HDP'li Pir, Bakan İpek'e konuya dair şu soruları yöneltti:
"Avrupa İnsan Hakları Sözleşmesine taraf olan Türkiye Cumhuriyeti’nde Sözleşmesi’nin Mad. 3. bağlamında; kötü/onur kırıcı/aşağılayıcı muamele ve işkence sayılabilecek Amasya E Tipi Cezaevindeki bu uygulamalar hakkında bir bilginiz var mıdır? Tutsaklara yönelik gerçekleştirilen bu uygulamalar hakkında ilgili cezaevine ilişkin bakanlığınızın yapmış olduğu bir çalışma var mıdır? Şayet konunun araştırılması için bakanlığınızca herhangi bir soruşturma veya kovuşturma işlemi yapılmamışsa gerekçesi nedir? İnsan onuruna saygının  korunmasını sağlayan maddî ve manevî koşullara aykırı olarak tutsakların koğuş dışında cezaevi idaresi ve ilgili diğer personel tarafından tanınmalarına rağmen boyunlarına takmak suretiyle kimlik taşıma zorunluluğu getirilen Amasya E Tipi Cezaevi haricinde kaç cezaevi bulunmaktadır? Ülkemizin imzaladığı uluslararası anlaşmalar ve ilgili mevzuata aykırı olarak tutsakların sağlık hakkından keyfi bir şekilde yararlandırılmamasının gerekçesi nedir? Amasya E Tipi Cezaevinde bahsi geçen başgardiyan Ünal Kalleci hakkında AİHS, Anayasa ve İnfaz Kanunu’nu hiçe sayarak tutsaklara karşı düşmanca uygulamalarına ilişkin bakanlığınız müfettişlerince henüz bir soruşturmanın başlatılmamış olmasının nedeni nedir?"

AMED SALDIRISI

Pir, DAİŞ Üyesi Orhan G.’nin 5 Haziran’da Amed'deki HDP mitingine bombalı saldırı yapması üzerine dört kişinin hayatını kaybettiğini, yüzlerce kişinin yaralandığını hatırlatarak, "Anne Hatice G'nin Radikal gazetesinden İdris Emen'e verdiği bilgilere göre son çare olarak  AKP Adıyaman 5. Olağan İl Kongresinde Başbakan Ahmet Davutoğlu ile görüşmelerine ve Başbakan Davutoğlu'nun kendilerine durum hakkında MİT'e talimat vereceğini söylemesine karşın Orhan G.' hakında hiçbir yasal işlemin yapılmadığı, sadece teknik takiple yetinildiği ve hatta Orhan G.'nin Diyarbakır'da bombalı saldırıyı gerçekleştirdiği gün teknik takipten çıkarıldığı basına yansımıştır" dedi.

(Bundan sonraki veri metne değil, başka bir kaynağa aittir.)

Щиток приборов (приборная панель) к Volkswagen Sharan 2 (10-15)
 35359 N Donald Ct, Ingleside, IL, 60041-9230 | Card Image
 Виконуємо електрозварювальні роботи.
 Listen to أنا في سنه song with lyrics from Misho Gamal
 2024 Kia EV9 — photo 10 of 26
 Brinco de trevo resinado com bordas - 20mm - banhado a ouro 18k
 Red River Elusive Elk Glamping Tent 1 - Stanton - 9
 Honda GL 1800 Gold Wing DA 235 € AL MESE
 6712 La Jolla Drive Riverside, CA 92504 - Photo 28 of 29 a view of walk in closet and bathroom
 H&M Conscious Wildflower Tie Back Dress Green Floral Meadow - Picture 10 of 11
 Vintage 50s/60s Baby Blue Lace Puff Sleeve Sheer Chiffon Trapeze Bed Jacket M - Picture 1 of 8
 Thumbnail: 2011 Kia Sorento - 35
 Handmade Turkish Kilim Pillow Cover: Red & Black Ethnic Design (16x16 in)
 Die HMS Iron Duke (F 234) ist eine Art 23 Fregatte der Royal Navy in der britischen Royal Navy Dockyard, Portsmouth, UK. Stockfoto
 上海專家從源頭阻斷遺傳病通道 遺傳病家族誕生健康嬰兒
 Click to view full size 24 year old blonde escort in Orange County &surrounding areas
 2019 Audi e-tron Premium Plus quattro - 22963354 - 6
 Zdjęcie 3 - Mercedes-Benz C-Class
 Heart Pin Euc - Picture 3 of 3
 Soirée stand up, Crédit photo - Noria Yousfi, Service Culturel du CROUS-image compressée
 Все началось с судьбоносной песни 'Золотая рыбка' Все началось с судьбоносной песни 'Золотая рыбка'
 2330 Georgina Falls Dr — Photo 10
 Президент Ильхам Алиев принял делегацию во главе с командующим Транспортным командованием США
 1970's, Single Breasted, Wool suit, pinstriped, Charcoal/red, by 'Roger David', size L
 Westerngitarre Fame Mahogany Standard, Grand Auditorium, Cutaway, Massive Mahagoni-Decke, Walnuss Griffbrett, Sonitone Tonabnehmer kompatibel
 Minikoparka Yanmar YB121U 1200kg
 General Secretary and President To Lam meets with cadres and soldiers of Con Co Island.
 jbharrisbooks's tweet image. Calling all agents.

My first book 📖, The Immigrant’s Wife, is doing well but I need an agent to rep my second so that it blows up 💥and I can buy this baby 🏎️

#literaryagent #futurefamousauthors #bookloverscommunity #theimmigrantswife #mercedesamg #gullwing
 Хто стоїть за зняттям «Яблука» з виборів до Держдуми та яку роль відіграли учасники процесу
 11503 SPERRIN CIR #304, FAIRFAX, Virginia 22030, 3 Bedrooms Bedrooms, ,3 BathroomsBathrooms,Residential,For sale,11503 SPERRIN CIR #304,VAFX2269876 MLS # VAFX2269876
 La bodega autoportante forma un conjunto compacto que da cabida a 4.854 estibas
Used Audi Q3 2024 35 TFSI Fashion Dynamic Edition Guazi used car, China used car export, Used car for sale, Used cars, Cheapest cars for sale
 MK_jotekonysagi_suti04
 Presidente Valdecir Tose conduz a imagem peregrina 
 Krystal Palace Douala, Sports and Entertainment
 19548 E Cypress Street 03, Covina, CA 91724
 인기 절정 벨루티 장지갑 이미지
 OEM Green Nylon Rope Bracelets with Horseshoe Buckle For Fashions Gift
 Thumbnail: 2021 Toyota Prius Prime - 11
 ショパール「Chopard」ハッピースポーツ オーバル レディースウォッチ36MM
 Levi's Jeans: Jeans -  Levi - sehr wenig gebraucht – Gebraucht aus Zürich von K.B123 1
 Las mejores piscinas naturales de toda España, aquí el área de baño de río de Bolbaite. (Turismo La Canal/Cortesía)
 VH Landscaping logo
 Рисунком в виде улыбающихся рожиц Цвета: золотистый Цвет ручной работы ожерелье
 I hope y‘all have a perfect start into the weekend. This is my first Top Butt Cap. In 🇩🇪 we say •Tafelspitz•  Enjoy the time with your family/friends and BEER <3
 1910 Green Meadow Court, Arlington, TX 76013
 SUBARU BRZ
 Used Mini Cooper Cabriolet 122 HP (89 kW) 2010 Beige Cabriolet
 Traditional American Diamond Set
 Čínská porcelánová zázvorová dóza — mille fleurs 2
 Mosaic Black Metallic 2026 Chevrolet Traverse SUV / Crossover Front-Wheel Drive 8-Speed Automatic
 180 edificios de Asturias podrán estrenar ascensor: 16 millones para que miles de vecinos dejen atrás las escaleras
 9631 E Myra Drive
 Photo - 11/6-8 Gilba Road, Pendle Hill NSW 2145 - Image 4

'TEKNİK TAKİP NEDEN OLAY GÜNÜ SONLANDIRILDI?'

Pir, Bakan Öztürk'ten ise şu sorularına yanıt istedi:
"Adıyaman Valiliğine Ekim 2014 tarihinde Orhan G'nin aile başvuru yapmış mıdır?  Yapılan başvuru üzerine Valilik hangi işlemleri gerçekleştirmiştir? Orhan G.'nin ailesinin Adıyaman Emniyet Müdürlüğüne yaptığı başvuru üzerine Emniyet Müdürlüğü ne gibi işlemler yapmıştır? Orhan G.'nin ailesinin Akçakale İlçe Emniyet Müdürlüğüne yaptığı başvuru üzerine Emniyet Müdürlüğü ne gibi girişimler yapmıştır? Adıyman Valiliği ile Emniyet Müdürlüğü İŞİD destekçisi 'İslam'adlı kafeye dair bir yasal işlem yapmışlar mıdır? Orhan G.'nin ailesinin emniyete verdikleri ve Orhan G.'nin İŞİD terör örgütüne  katılmasına  yardımcı olan kişiler hakkında herhangi bir yasal işlem yapılmış mıdır? Bahsi geçen kafenin ve Adıyaman'da İŞİD terör örgütünün palazlandığı diiğer mekanların kapatılması için Valilik ve Emniyet Müdürlüğü ne gibi çalışmalar yapmıştır? Bu mekanlar hakkında işlem yapmayan dönemin valisi, il emniyet müdürü ve ilgili diğer birimler hakkında Bakanlığınızın başlattığı herhangi bir kovuşturma ya da soruşurma var mıdır? Diyarbakır Emniyet Müdürlüğünün Orhan G. hakkındaki teknik takibi bombalı saldırının gerçekleştiği 5 haziran 2015 günü sonlandırmasının nedeni nedir? 
IŞİD terör örgütüne subjektif anlamda destek vermediklerini varsaydığımızda objektif olarak dönemin Adıyaman İl Valisi, İl Emniyet Müdürü; Şanlıurfa Valisi, ve Akçakale İlçe Emniyet Müdürü ile ilgili emniyet personelinin; Diyarbakır Emniyet Müdürü ve ilgili personelinin 'Devlet memurları siyasi partiye üye olamazlar, herhangi bir siyasi parti, kişi veya zümrenin yararını veya zararını hedef tutan bir davranışta bulunamazlar; görevlerini yerine getirirlerken dil, ırk, cinsiyet, siyasi düşünce, felsefi inanç, din ve mezhep gibi ayırım yapamazlar; hiçbir şekilde siyasi ve ideolojik amaçlı beyanda ve eylemde bulunamazlar ve bu eylemlere katılamazlar', 'Türkiye Cumhuriyeti Anayasasına ve kanunlarına aykırı olan, memleketin bağımsızlığını ve bütünlüğünü Bozan Türkiye Cumhuriyeti'nin güvenliğini tehlikeye düşüren herhangi bir faaliyette bulunamazlar. Aynı nitelikte faaliyet gösteren herhangi bir harekete, gruplaşmaya, teşekküle veya derneğe katılamazlar, bunlara yardım edemezler', gibi 657 Devlet Memurları Kanununda belirtildiği üzere  görevlerini ifa ederken ilgili kanuna aykırı hareket etmelerine rağmen Bakanlığınızın herhangi bir kovuşturma ya da soruşturma açmamasının nedeni nedir?"